Judge Puts Brakes on Trump’s Federal Union EO
An Obama appointee seeks to stymie Trump’s efforts to reform public unions.
In another win for Big Labor at the federal level, U.S. District Court Judge Ketanji Brown Jackson struck down provisions from three of President Donald Trump’s executive orders that he signed this past May. Recall that Trump’s EOs were aimed at cleaning up and reforming federal unions, specifically to streamline hiring and firing procedures for federal employees. To put it simply, the rules and processes regarding firing federal workers for poor job performance had become an exceedingly arduous process, making it difficult for the government to get rid of bad employees. And when that’s difficult, you end up with more bad employees.
In her ruling, Jackson agreed that the executive branch had the authority to issue rule changes, but she insisted that in this case Trump overstepped his authority, declaring his orders were in breach of the 1978 Civil Service Reform Act.
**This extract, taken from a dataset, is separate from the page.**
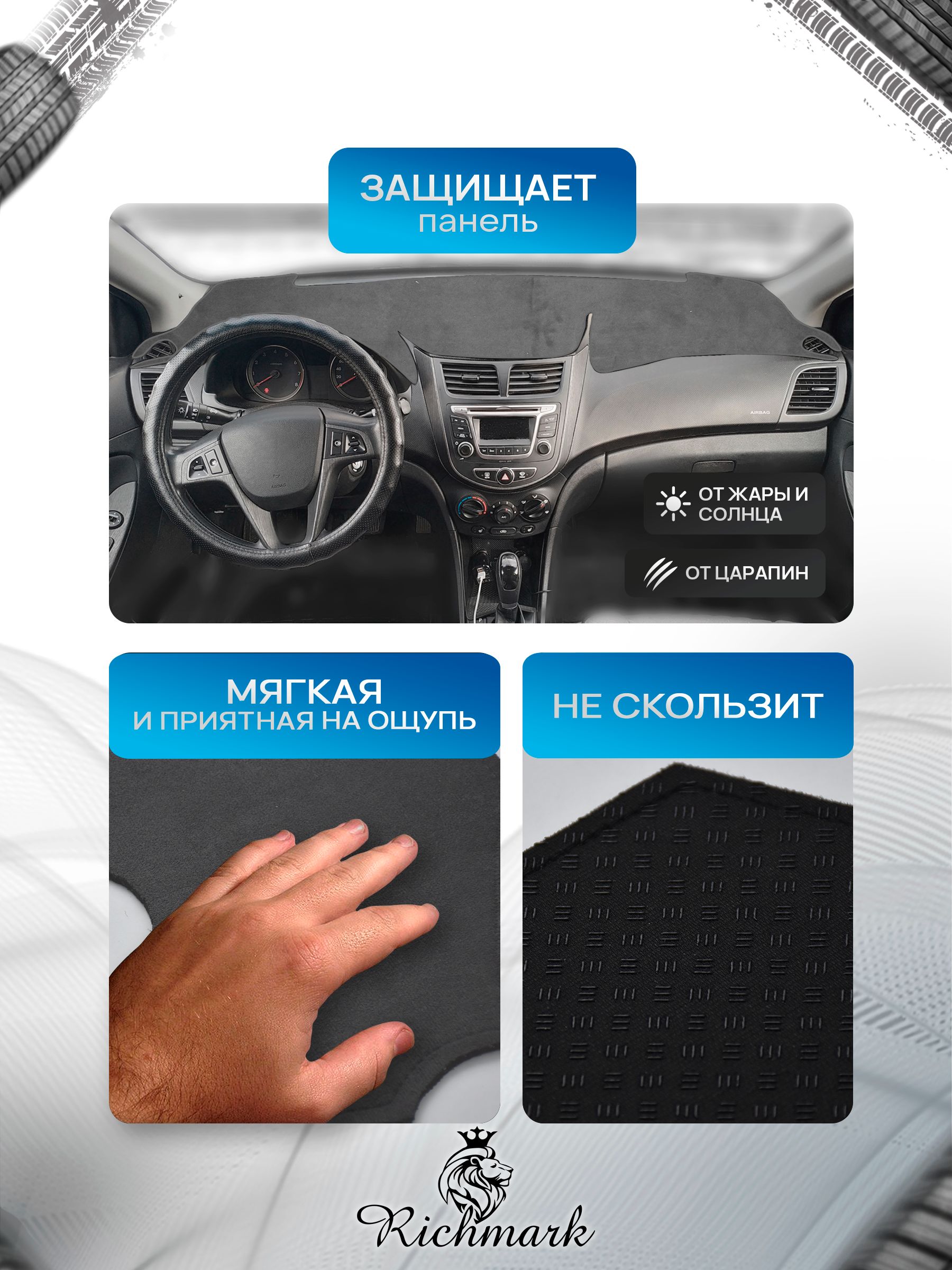 Накидка на панель приборов (торпедо) из эко-алькантары для Suzuki SX4 2006-2009 без отсека для хранения / Сузуки СХ 4 Серый Ричмарк — фото 4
Jackson stated, “As to the merits of the unions’ contentions, while past precedents and pertinent statutory language indicate that the president has the authority to issue executive orders that carry the force of law with respect to federal labor relations, it is undisputed that no such orders can operate to eviscerate the right to bargain collectively as envisioned in the [statute]. In this Court’s view, the challenged provisions of the executive orders at issue have that cumulative effect.”
It’s important to note here that Jackson is a Barack Obama appointee with a progressive worldview. And this ruling is clearly in that Obama-era vein, where separate and distinct issues are conflated so as to justify a judicial decision that would otherwise be indefensible. Jackson concludes that Trump’s executive orders directly affect government employees’ collective bargaining rights, which in reality they do not. As Hot Air’s Jazz Shaw writes, “None of these things impact the ability of the unions to negotiate in good faith. Judge Jackson appears to be grasping for a penumbra (as in Roe v Wade) to stitch something together out of thin air. Hopefully this case can be quickly appealed and sent up the chain for a clearer response.”